NTIC : Qui sont vos clients potentiels ?
I.M: Au départ, notre client potentiel était le gouvernement. Dans notre business plan nous voulions proposer notre produit à l'état afin d’inciter les industries à s’équiper de notre solution pour contrôler leurs rejets industriels liquides. Cependant et juqu'à aujourd'hui, nous n'avons toujours pas eu de retour de la part du ministère de l’environnement. Ceci nous a forcé à réorienter notre projet pour faire de l’aquaculture et utiliser le même système pour le contrôle de la qualité d’eau pour assurer la survie des poissons dans les zones d’élevage. C'est certes un secteur où il y a près de 85 projets pour l’année 2016 et environs 500 projets d’ici 2020 mais malgré cela nous pensons que ça reste porteur.
NTIC : Quel est l’intérêt pour une entreprise que vous ciblez d’avoir recours à votre solution plutôt qu’à des tests chimiques en laboratoire ?
I.M: Les tests chimiques ont un coût élevé et il ne faut pas oublier que nous manquons cruellement de laboratoires spécialisés.

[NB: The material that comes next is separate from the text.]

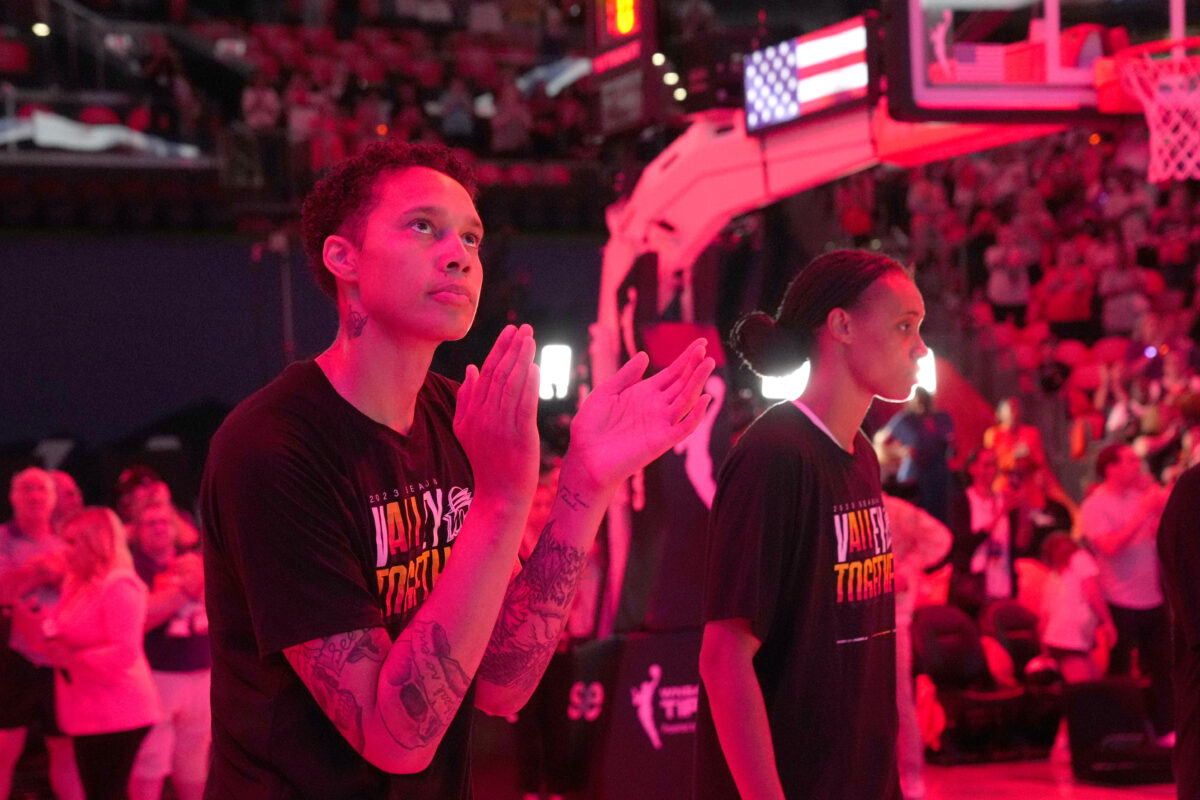 WNBA opening night viewership up 103% year-over-year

Aussi, et par rapport à la législation, les tests effectués sont trimestriels alors que notre système de monitoring, lui est continu. Donc en cas de pic, les prélèvements peuvent s'effectuer sur place pour ensuite chercher la cause en laboratoire.

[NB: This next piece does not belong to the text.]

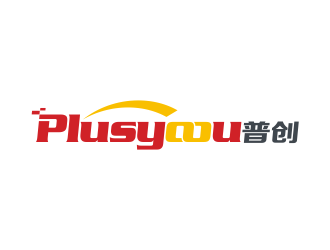 林思源的Plusyoou 普創(chuàng)logo設(shè)計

NTIC : Quel coût a votre solution pour une entreprise ?
I.M: L’appareil en lui-même avec les capteurs coûte environ 150 000 Da avec un abonnement trimestriel ou semestriel pour la plateforme de monitoring. Comme vous pouvez le constater c’est très accessible pour une entreprise par rapport à des tests en laboratoire.
NTIC : Des attentes par rapport aux acteurs économiques algériens ?

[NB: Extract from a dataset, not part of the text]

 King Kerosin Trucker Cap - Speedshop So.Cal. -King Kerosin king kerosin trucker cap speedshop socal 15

I.M: Actuellement, nous proposons une large gamme de produit pour la surveillance de rejets industriels, l’agriculture, l’aquaculture, l’hydroponie… on espère donc avoir plus de commandes de nos produits d’ici la fin de l’année.
NTIC : Les entreprises ne vous ont pas demandé de miniaturiser vos produits ?
I.M: Vu la difficulté de trouver preneurs en Algérie, nous avons décidé de nous étendre à l'international et parmi les exigences de nos contacts, c'est la miniaturisation afin de pouvoir exporter.
NTIC : Avez-vous eu des expériences à l’international ?
I.M: AquaSafe a participé à plusieurs salons internationaux dont Vivatech Paris 2016 où nous avons rencontré beaucoup d’entreprises activant dans le secteur du digital. Nous avons également fait partie du Global Entrepreneurship Summit 2016 à la Silicon valley où il y’avait de vrais entrepreneurs et de vrais Business Angels. On a eu l'occasion d y apercevoir Barack Obama. Cela a également été l'occasion de tisser des liens avec des entrepreneurs de la région MENA, je suis d'ailleurs toujours en contact avec eux pour étudier les possibilités d’exporter notre solution. Nous espérons bien évidemment nous développer en Algérie pour apporter un plus à notre pays.